- Promotional release poster
- Genre: Action; Drama; Thriller;
- Created by: Anirudh Pathak
- Based on: Ezel
- Written by: Sweta Mishra
- Directed by: Anil Senior
- Starring: Gashmeer Mahajani; Surbhi Jyoti; Zayn Ibad Khan;
- Country of origin: India
- Original language: Hindi
- No. of seasons: 2
- No. of episodes: 33

Production
- Producers: Sukesh Dev Motwani; Mautik Tolia; Persis Siganporia;
- Cinematography: Pawan Gupta
- Camera setup: Multi-camera
- Running time: 23-32 minutes
- Production company: Bodhi Tree Multimedia Ltd

Original release
- Network: Disney+ Hotstar
- Release: 3 June 2024 – present

= Gunaah (TV series) =

Gunaah is an Indian Hindi-language action drama television series directed by Anil Senior and written by Sweta Mishra. Produced under Bodhi Tree Multimedia Ltd, the series stars Gashmeer Mahajani, Surbhi Jyoti, Zayn Ibad Khan and Darshan Pandya. Season 1 aired from 3 June 2024 to 5 July 2024 on Disney+ Hotstar.

== Cast ==
- Gashmeer Mahajani as Abhimanyu.
- Surbhi Jyoti as Tara.
- Zayn Ibad Khan as Shiva.
- Darshan Pandya as Joki Karve (JK).
- Shailesh Datar as Fernandes Bhau.
- Shashank Ketkar as Micheal Mendonza.
- Shezray H. Mirza as Divya.
- Purva Parag as Gargi.
- Deepak Qazir as Eknath.
- Tanmay Nagar as Mert.

== Production ==
The series was announced on Disney+ Hotstar. It is an adaptation of Turkish series Ezel.

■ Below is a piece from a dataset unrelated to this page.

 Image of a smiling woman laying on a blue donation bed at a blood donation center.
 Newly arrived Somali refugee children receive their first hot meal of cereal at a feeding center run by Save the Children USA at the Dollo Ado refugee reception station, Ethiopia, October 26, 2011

The filming of the series concluded in 2024. The teaser of the series was released on 24 May 2024. Subsequently, the official trailer was released on 31 May 2024.

== Reception ==
Archika Khurana of The Times of India rated the series two-and-a-half out of five stars. Bhawna Arya for Times Now gave the series 3/5 stars.